- _WHAT TO WORK ON_: Below is a listing; retype exactly the lines between the one containing "North Dakota - Sport" and the one containing "Premium NFL X", inclusive, minus the pictures.

- _DATA TO PROCESS_:
▼
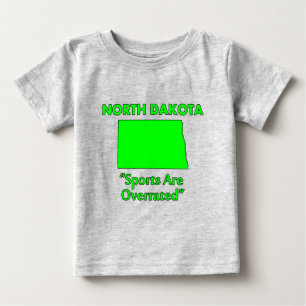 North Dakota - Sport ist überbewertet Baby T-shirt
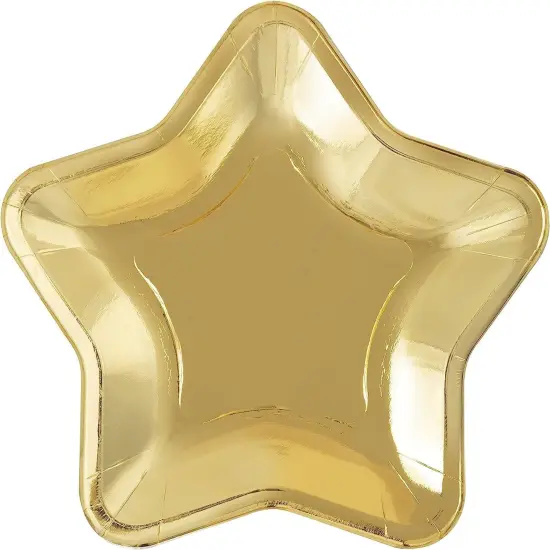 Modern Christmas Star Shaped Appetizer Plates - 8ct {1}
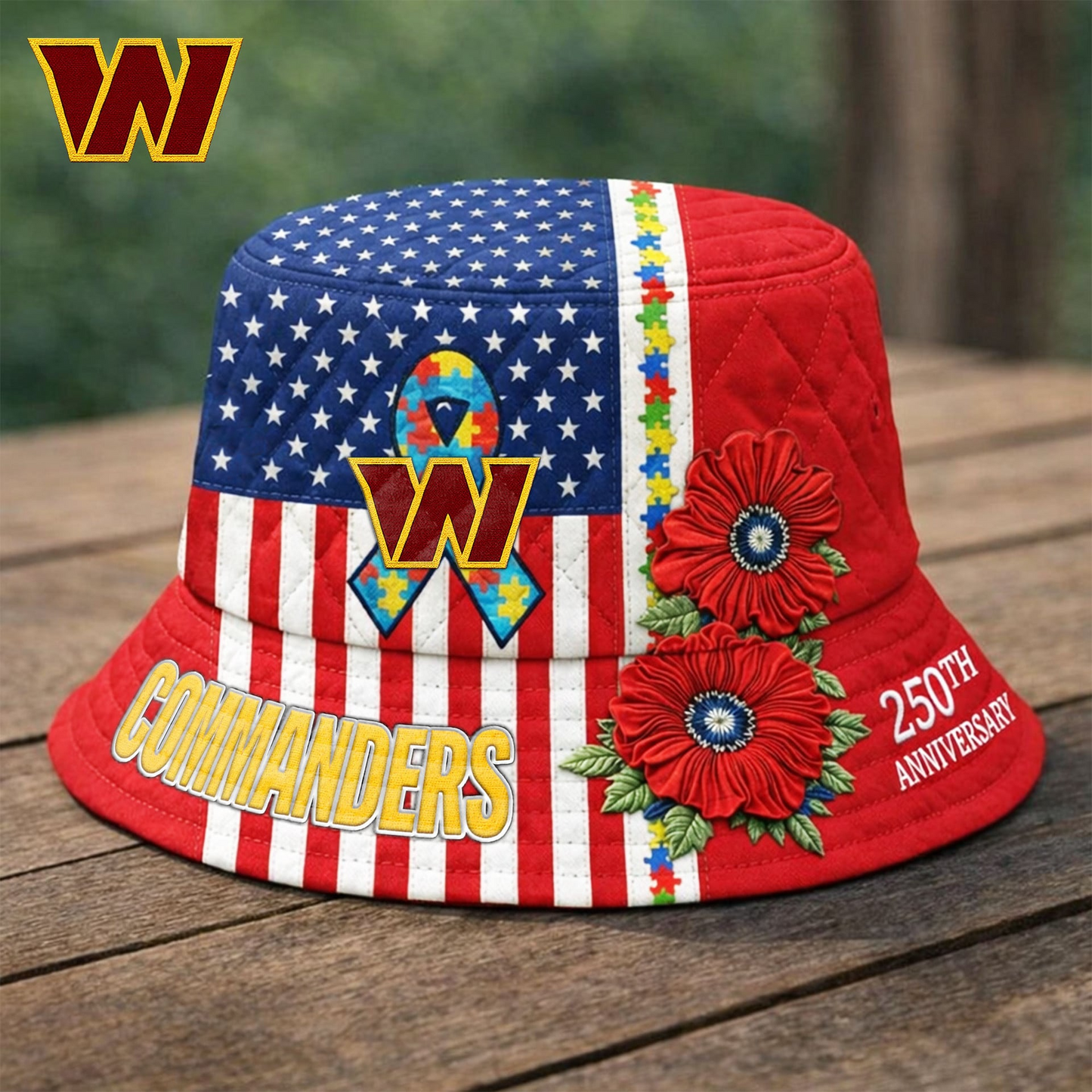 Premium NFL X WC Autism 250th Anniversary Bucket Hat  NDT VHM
▲
▼
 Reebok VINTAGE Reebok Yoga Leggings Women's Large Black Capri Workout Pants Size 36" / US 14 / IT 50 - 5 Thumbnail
▲
▼
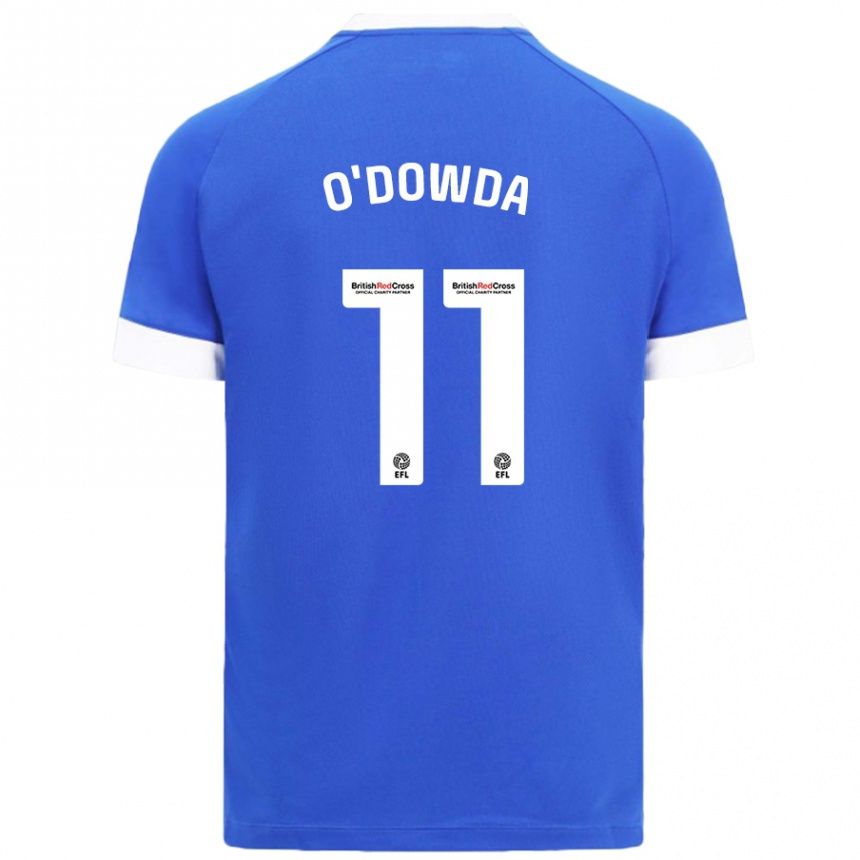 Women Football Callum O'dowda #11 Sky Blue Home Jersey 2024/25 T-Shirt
▲
- _OUTPUT OF THE EXERCISE_:
 North Dakota - Sport ist überbewertet Baby T-shirt
 Modern Christmas Star Shaped Appetizer Plates - 8ct {1}
 Premium NFL X WC Autism 250th Anniversary Bucket Hat  NDT VHM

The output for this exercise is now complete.